CSA-131 was derivatized using acetic anhydride. 100 µL of diluted CSA-131 solution was evaporated in the SpeedVac Concentrator (Savant SPD2010, Thermo Fisher Scientific), followed by derivatization with 50 µL of acetic anhydride. The samples were vortex-mixed and then incubated for one hour at 45 °C. The reaction mixture was then dried in the SpeedVac Concentrator. The residues were dissolved in a 100 µL mixture of water/acetonitrile 1:1 with 0.1% formic acid, and then samples were mixed for 5 min.
4.7. Statistical Analysis
The significance of differences was determined using the two-tailed Student’s t-test. Statistical analyses were performed using Statistica 10 (StatSoft Inc, Tulsa, OK, USA). p < 0.05 was considered to be statistically significant.
5. Conclusions
Of the tested ceragenins, CSA-131 showed the strongest activity against C. albicans, C. krusei, C. tropicalis, and C. glabrata, frequently identified as biofilm-residing fungi in biofilm growing on the surface of VPs. CSA-131 has the potential to reduce C. albicans biofilm mass on voice prostheses in vitro. The impregnation of VPs with CSA-131 might provide a technical approach to develop VP devices that are more resistant to Candida colonization. The development of a CSA-131 solution that could potentially be used as a flushing fluid for the regular maintenance of VP is also strongly supported.
Author Contributions
Conceptualization, R.B., B.D., T.D., J.S.; methodology, T.D., A.G., B.D., R.B.; software, J.S., K.F., P.D.; validation R.B.; formal analysis, R.B.; P.B.S.; investigation, J.S., R.B.; resources, J.S., T.D., S.O., S.G.; data curation, J.S., T.D., B.D., U.W., D.Z., A.G., A.K., M.C. (Mateusz Cieślukand); writing, J.S., T.D., K.F.; writing-review and editing, M.C. (Mateusz Cieślukand), A.K., B.D., R.B., P.B.S.; visualization, M.C. (Michał Ciborowski); K.F., J.S.; supervision, R.B, S.O.; project administration, R.B.; funding acquisition, R.B. All authors have read and agreed to the published version of the manuscript.
Funding
This work was financially supported by grants from the National Science Centre, Poland (UMO-2018/31/B/NZ6/02476 to RB), the Medical University of Bialystok (SUB/1/DN/20/001/1122 to MC), and by a program of the Ministry of Science and Higher Education under the project name “Regional Initiative of Excellence in 2019–2022,” project number 024/RID/2018/19 (financing amount: 11,999,000.00 PLN). Part of the study was conducted with the use of equipment purchased by the Medical University of Białystok as part of the RPOWP 2007-2013 funding, Priority I, Axis 1.1, contract No. UDA- RPPD.01.01.00-20-001/15-00 dated 26.06.2015. The funders had no role in the study design, data collection and analysis, decision to publish, or preparation of the manuscript.

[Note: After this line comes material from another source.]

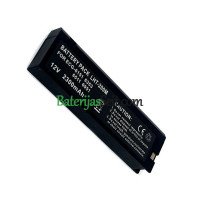 Rezerves akumulators Nihon-Kohden 6543A ecg-6951d 6511 6OEC 6543 6651A ECG-6851K 6102A 6105A 6543L 6551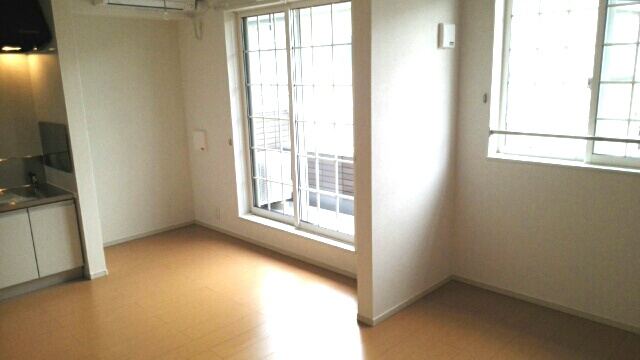 3/24 リビング/ダイニング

Institutional Review Board Statement
The study was conducted according to the guidelines of the Declaration of Helsinki, and approved by the Ethics Committee of Jan Kochanowski University of Kielce (protocol code 16/2019; date of approval: 05.03.2019).

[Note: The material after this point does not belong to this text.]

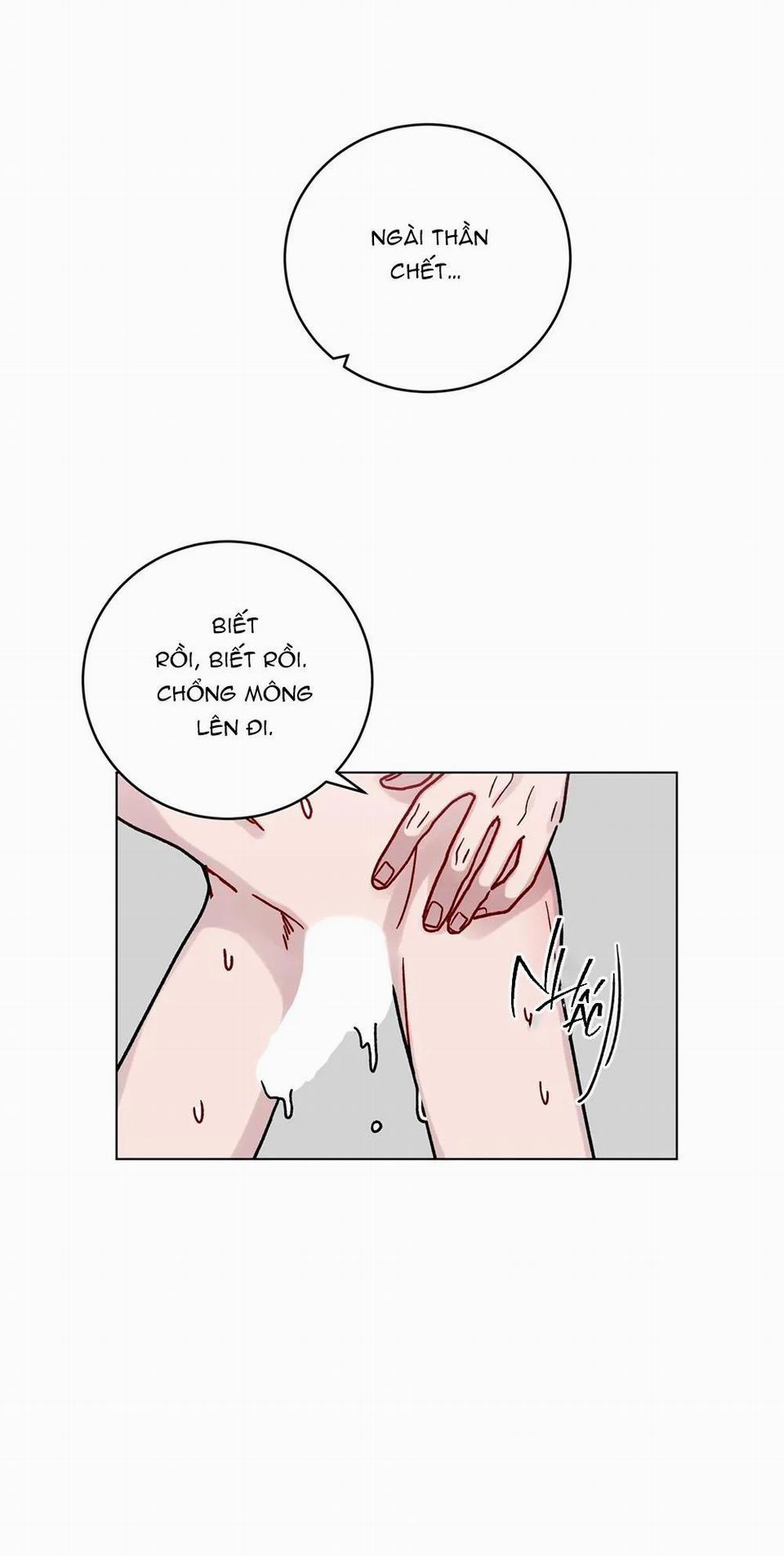 Cơn Mưa Rào Mùa Hạ 22 trang 43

Informed Consent Statement
Not applicable.
Data Availability Statement
The data presented in this study are available on request from the corresponding author. The data are not publicly available due to volume.
Acknowledgments
We would like to thank Damian Pawelski MSc, from the Department of Organic Chemistry of the Medical University of Białystok for facilitating this study.
Conflicts of Interest
The authors declare no conflict of interest. The funders had no role in the design of the study; in the collection, analyses, or interpretation of the data; in the writing of the manuscript, or in the decision to publish the results.
References
- Souza, F.G.R.; Santos, I.C.; Bergmann, A.; Thuler, L.C.S.; Freitas, A.S.; Freitas, E.Q.; Dias, F.L. Quality of life after total laryngectomy: Impact of different vocal rehabilitation methods in a middle income country. Health Qual. Life Outcomes 2020, 18, 1–12. [Google Scholar] [CrossRef]
- Rodrigues, M.E.; Gomes, F.; Rodrigues, C.F. Candida spp./Bacteria Mixed Biofilms. J. Fungi 2019, 6, 5. [Google Scholar] [CrossRef] [Green Version]

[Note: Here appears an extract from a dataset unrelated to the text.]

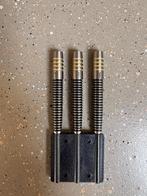 Grandslam Leo Laurens 19 gram, Ophalen of Verzenden, Zo goed als nieuw, Pijlen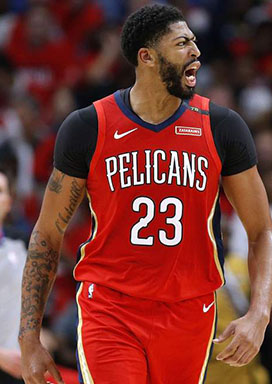 Anthony Davis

- Singer, M.I.B.; Blom, E.D. An endoscopic technique for restoration of voice after laryngectomy. Ann. Otol. Rhinol. Laryngol. 1980, 89, 529–533. [Google Scholar] [CrossRef]
- Douglas, L.J. Candida biofilms and their role in infection. Trends Microbiol. 2003, 11, 30–36. [Google Scholar] [CrossRef]
- Erna, M.; Kojic, R.O.D. Candida Infections of Medical Devices. Clin. Microbiol. Rev. 2004, 17, 255–267. [Google Scholar]
- Galli, J.; Calo, L.; Meucci, D.; Giuliani, M.; Lucidi, D.; Paludetti, G.; Torelli, R.; Sanguinetti, M.; Parrilla, C. Biofilm in voice prosthesis: A prospective cohort study and laboratory tests using sonication and SEM analysis. Clin. Otolaryngol. 2018, 43, 1260–1265. [Google Scholar] [CrossRef]
- Spalek, J.; Deptula, P.; Ciesluk, M.; Strzelecka, A.; Lysik, D.; Mystkowska, J.; Daniluk, T.; Krol, G.; Gozdz, S.; Bucki, R.; et al. Biofilm Growth Causes Damage to Silicone Voice Prostheses in Patients after Surgical Treatment of Locally Advanced Laryngeal Cancer. Pathogens 2020, 9, 793. [Google Scholar] [CrossRef]
- Talpaert, M.J.; Balfour, A.; Stevens, S.; Baker, M.; Muhlschlegel, F.A.; Gourlay, C.W. Candida biofilm formation on voice prostheses. J. Med. Microbiol. 2015, 28, 199–208. [Google Scholar] [CrossRef] [PubMed]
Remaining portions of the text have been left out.